Politics of Sunday, 8 March 2020
Bishop Charles Agyinasare has advised “macho men” and “street boys” who may be recruited by politicians with the intent to instigate mayhem and bloodshed in the forthcoming 7 December 2020 elections, to, rather, recruit the children of such politicians to do their “dirty job” for them.
Admonishing the citizenry on Sunday, 8 March 2020 against bloodletting in the polls, as part of Perez Chapel International’s commemoration of Ghana’s 63rd independence anniversary which fell on Friday, 6 March 2020, Bishop Agyinasare told the congregation at the Perez Dome, Dzorwulu that: “This year is also an election year. As we go for the elections, may we not kill one another”.
He said: “Parties just have different opinions; that is what makes them different. But the political parties have one mother”, explaining: “True politicians desire that we would have a better lot as Ghanaians and, so, irrespective of the party – some are property-owning democracies, others are social democrats – they all have one mother”.

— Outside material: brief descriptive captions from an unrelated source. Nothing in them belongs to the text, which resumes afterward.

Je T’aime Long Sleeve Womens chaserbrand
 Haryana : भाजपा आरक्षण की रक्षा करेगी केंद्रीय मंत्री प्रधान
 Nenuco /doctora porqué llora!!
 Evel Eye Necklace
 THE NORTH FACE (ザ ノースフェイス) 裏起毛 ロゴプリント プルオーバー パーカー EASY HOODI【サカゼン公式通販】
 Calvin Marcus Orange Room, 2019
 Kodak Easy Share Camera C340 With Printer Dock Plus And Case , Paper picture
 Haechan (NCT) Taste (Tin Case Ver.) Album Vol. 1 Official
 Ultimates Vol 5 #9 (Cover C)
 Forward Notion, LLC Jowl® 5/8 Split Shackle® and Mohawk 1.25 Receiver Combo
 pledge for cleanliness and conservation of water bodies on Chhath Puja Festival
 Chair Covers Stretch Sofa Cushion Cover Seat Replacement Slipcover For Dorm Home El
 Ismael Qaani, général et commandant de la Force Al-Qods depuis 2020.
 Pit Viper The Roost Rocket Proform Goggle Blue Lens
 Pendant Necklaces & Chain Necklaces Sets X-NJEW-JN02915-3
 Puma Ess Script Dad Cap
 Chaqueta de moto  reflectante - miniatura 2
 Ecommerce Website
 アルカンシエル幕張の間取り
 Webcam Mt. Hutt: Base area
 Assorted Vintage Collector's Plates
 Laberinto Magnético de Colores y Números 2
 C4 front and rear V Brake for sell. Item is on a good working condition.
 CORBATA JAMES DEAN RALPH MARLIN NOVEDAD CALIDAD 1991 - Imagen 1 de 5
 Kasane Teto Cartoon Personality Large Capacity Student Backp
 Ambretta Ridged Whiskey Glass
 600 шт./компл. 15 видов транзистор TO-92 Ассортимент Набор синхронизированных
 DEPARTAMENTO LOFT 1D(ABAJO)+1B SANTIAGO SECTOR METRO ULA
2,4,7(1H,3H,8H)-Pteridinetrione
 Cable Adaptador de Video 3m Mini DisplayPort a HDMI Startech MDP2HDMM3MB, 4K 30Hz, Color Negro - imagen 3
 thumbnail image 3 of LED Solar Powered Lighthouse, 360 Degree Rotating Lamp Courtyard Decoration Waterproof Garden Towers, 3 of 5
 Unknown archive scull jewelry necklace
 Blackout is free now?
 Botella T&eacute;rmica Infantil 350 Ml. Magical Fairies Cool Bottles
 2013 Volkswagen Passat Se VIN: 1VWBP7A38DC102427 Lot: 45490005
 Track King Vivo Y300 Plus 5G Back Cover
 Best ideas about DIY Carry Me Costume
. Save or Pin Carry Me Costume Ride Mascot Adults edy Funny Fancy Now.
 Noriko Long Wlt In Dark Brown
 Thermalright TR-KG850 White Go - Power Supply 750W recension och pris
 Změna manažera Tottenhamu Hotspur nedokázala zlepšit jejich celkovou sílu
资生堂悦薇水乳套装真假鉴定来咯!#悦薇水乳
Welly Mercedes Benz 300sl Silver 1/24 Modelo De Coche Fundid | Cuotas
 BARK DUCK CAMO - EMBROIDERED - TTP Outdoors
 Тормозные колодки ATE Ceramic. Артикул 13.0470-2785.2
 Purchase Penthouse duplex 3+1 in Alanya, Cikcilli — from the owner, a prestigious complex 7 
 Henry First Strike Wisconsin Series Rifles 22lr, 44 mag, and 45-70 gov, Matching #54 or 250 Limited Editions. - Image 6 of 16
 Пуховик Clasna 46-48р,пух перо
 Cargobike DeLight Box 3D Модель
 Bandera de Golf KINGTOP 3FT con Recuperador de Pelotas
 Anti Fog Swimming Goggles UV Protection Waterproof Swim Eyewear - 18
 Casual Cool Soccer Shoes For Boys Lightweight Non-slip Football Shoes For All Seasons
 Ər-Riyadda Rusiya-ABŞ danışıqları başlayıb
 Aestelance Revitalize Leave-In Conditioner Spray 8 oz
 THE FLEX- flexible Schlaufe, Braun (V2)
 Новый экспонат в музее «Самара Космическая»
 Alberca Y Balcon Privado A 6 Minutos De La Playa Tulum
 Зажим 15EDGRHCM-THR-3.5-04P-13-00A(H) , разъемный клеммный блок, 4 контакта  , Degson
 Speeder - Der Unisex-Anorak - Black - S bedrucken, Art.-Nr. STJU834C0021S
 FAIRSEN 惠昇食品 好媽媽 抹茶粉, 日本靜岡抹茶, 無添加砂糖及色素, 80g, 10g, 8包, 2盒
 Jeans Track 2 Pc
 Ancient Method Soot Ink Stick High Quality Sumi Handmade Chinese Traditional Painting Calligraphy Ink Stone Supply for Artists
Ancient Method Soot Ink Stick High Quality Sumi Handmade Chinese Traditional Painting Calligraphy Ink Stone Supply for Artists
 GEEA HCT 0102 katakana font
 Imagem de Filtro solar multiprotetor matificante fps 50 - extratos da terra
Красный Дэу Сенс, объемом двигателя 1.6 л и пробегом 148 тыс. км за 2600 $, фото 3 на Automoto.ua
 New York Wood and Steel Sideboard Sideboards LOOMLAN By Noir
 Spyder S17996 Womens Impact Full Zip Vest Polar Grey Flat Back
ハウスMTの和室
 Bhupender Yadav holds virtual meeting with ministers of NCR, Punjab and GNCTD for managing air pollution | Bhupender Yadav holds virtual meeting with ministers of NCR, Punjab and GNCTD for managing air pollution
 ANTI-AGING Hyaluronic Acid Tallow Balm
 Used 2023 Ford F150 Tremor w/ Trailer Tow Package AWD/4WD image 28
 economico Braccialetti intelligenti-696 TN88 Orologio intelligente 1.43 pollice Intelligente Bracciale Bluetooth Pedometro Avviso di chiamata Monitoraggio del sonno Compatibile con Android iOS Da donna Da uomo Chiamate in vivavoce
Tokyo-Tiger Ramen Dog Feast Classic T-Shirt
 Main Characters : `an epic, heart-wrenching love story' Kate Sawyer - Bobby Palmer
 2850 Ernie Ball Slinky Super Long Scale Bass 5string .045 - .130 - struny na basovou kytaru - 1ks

This year, he said, “We don’t want anybody to shed blood for anyone to rule”, declaring: “Anybody who wants to shed blood for power, may peace never prevail in their house”.
“To the street boys and the macho men; don’t allow yourselves to be used by politicians to cause mayhem in this country”, he advised, urging: “If the politicians try to get you to use you, recruit their children so that their children will also be trained to do macho work and to do the dirty job for them”.
“You don’t see the children of politicians becoming macho men and doing the dirty jobs they employ other people to do”, Bishop Agyinasare observed.
He also urged the security agencies to “make sure they are not partisan and they are fair and firm in the discharge of their duties”, saying: “Security agencies should not allow themselves to be used by politicians to cause violence and when people break the rules, they should be fair and firm so that it would not matter whose ox they gore”.
The Presiding Bishop also had a word of advice for the Electoral Commission. “To the Electoral Commission, we say that they should be a very neutral referee this year in the elections and they must listen attentively to the stakeholders so that they can bring everybody on board”.
He also urged the media to “report the truth” and urged them to “avoid sensationalism and not heighten tensions”.
“We don’t want a situation where we are not able to sleep. We should be able to sleep; elections should not be such that we can’t sleep”.
To all Ghanaians, he said: “We must get ready and on Election Day, go and vote because if you don’t vote, you don’t determine who rules. God bless our homeland Ghana and keep it strong”.